+++ Data listing

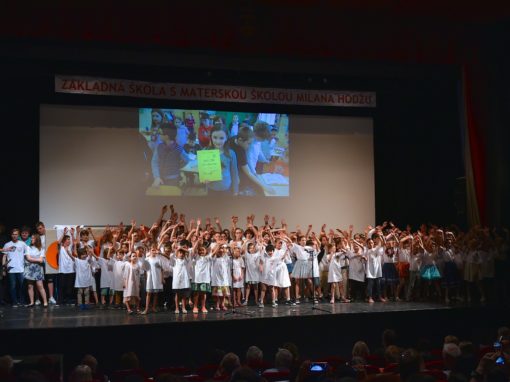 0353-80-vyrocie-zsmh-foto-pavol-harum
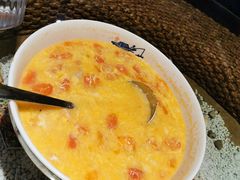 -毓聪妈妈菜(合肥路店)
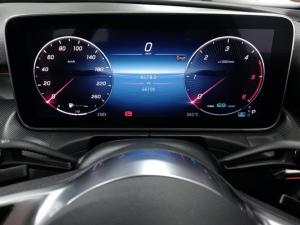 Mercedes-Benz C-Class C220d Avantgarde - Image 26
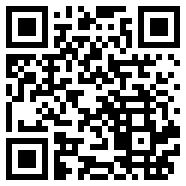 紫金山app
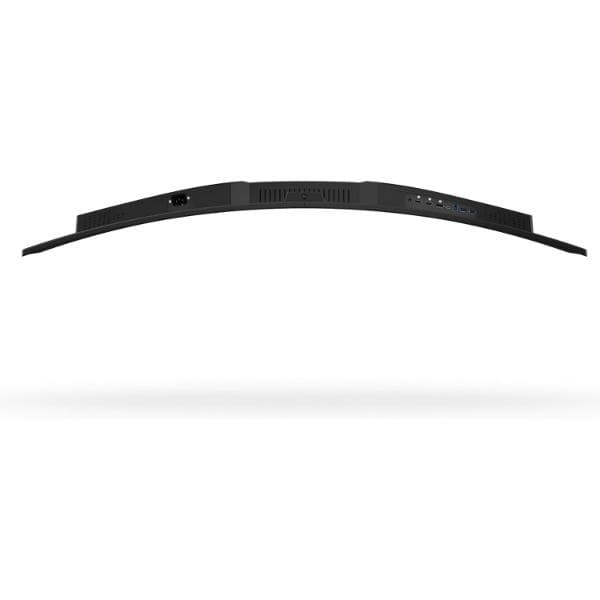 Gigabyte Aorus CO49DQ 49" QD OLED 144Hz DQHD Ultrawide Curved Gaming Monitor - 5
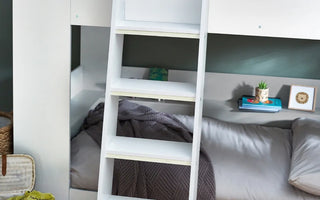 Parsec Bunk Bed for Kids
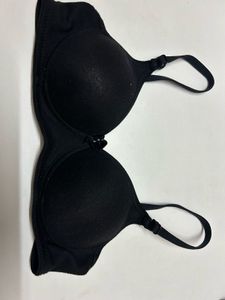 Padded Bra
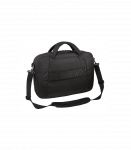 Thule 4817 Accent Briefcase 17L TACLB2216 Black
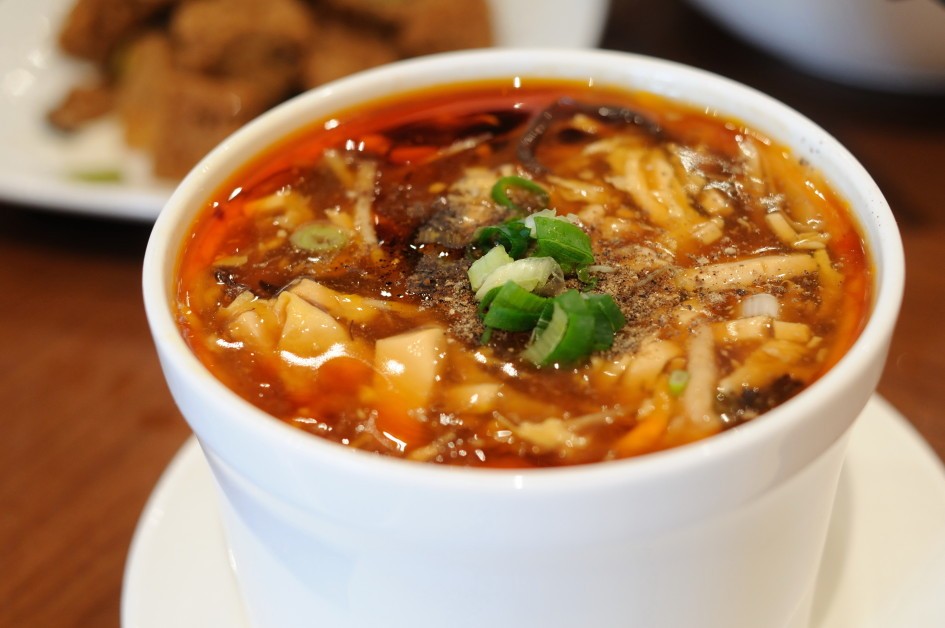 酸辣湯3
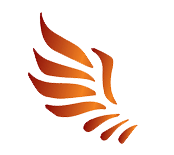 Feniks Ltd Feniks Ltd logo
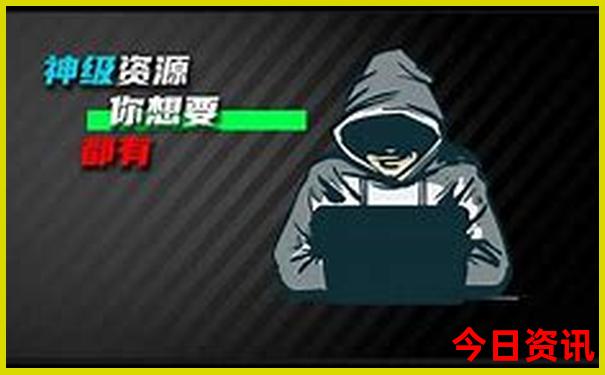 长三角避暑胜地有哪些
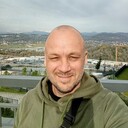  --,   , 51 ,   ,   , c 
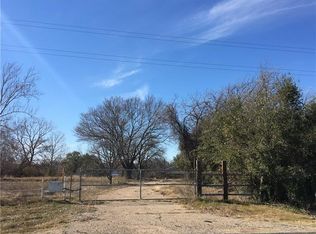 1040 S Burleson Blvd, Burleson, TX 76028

++++++

• _Directions_:
Final task for the records above: print exactly the lines from the one that contains "Thule 4817 Accent" through the last line, both ends included, pictures excluded.

• _Reply_:
 Thule 4817 Accent Briefcase 17L TACLB2216 Black
 酸辣湯3
 Feniks Ltd Feniks Ltd logo
 长三角避暑胜地有哪些
  --,   , 51 ,   ,   , c 
 1040 S Burleson Blvd, Burleson, TX 76028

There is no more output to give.